Hery Prasetya, Pendidikan Karakter lewat ”Board Game”
Herry Prasetya menciptakan ”board game” untuk mengembangkan pendidikan karakter kepada anak-anak dengan cara yang menyenangkan.
Oleh
MARIA SUSY BERINDRA
·5 menit baca
Di tangan Hery Prasetya (32), permainan papan bisa dipakai menjadi sarana pendidikan karakter. Berbekal pendidikan psikologi di bangku kuliah, pemuda asal Solo, Jawa Tengah, ini mengharapkan board game yang diciptakannya dapat memecahkan sebuah masalah.
Hery menjelaskan detail bagaimana cara bermain board game ciptaannya Trash Free: Sea Edition, saat diwawancara secara daring, Selasa (22/2/2002).

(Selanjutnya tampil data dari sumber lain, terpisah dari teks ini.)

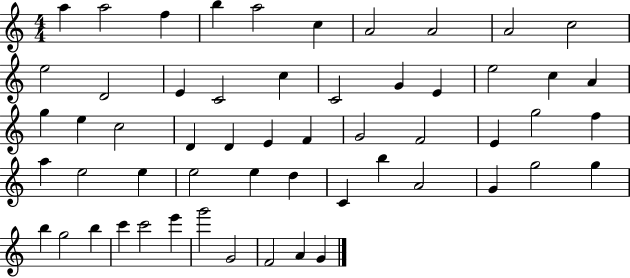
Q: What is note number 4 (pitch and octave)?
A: B5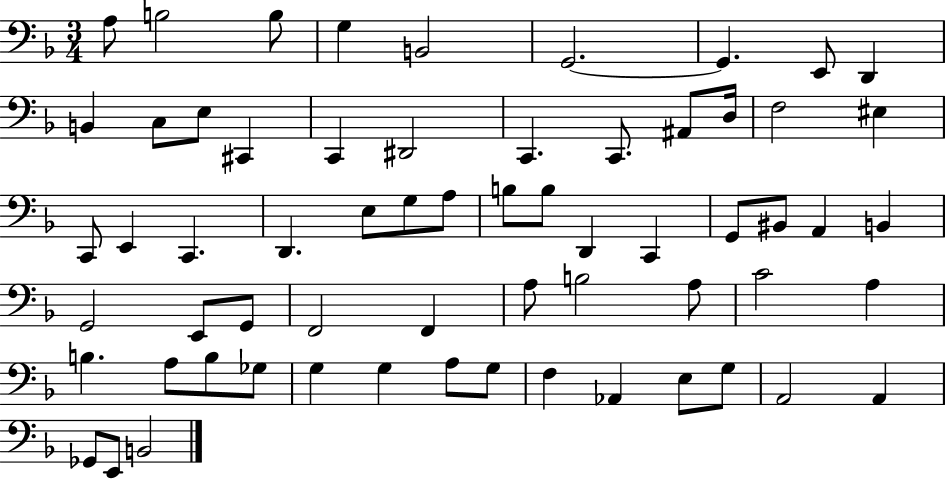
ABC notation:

X:1
T:Untitled
M:3/4
L:1/4
K:F
A,/2 B,2 B,/2 G, B,,2 G,,2 G,, E,,/2 D,, B,, C,/2 E,/2 ^C,, C,, ^D,,2 C,, C,,/2 ^A,,/2 D,/4 F,2 ^E, C,,/2 E,, C,, D,, E,/2 G,/2 A,/2 B,/2 B,/2 D,, C,, G,,/2 ^B,,/2 A,, B,, G,,2 E,,/2 G,,/2 F,,2 F,, A,/2 B,2 A,/2 C2 A, B, A,/2 B,/2 _G,/2 G, G, A,/2 G,/2 F, _A,, E,/2 G,/2 A,,2 A,, _G,,/2 E,,/2 B,,2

Siang itu, dia mengenakan kaus berwarna biru duduk di depan rak yang penuh dengan board game dari luar negeri ataupun Indonesia. ”Sebagai game designer, saya harus banyak bermain supaya lebih banyak tahu mengenai mekanik cara bermainnya,” kata Hery yang sedang berada di kantor Hompimpa Books and Games di Solo, Jawa Tengah, ini.
Sambil memegang kartu Trash Free, Hery mengatakan, permainan itu bertema memilah sampah yang ada di pantai. Para pemain diajak bisa memilah sampah sesuai dengan jenisnya. Ada lima jenis sampah, yaitu sampah anorganik, organik, daur ulang, bahan berbahaya beracun, dan residu. Pemain akan mendapatkan kartu misi yang bergambar tempat sampah dengan kode warna tertentu. Lalu, mereka mencari kartu-kartu bergambar sampah yang disebar di arena permainan.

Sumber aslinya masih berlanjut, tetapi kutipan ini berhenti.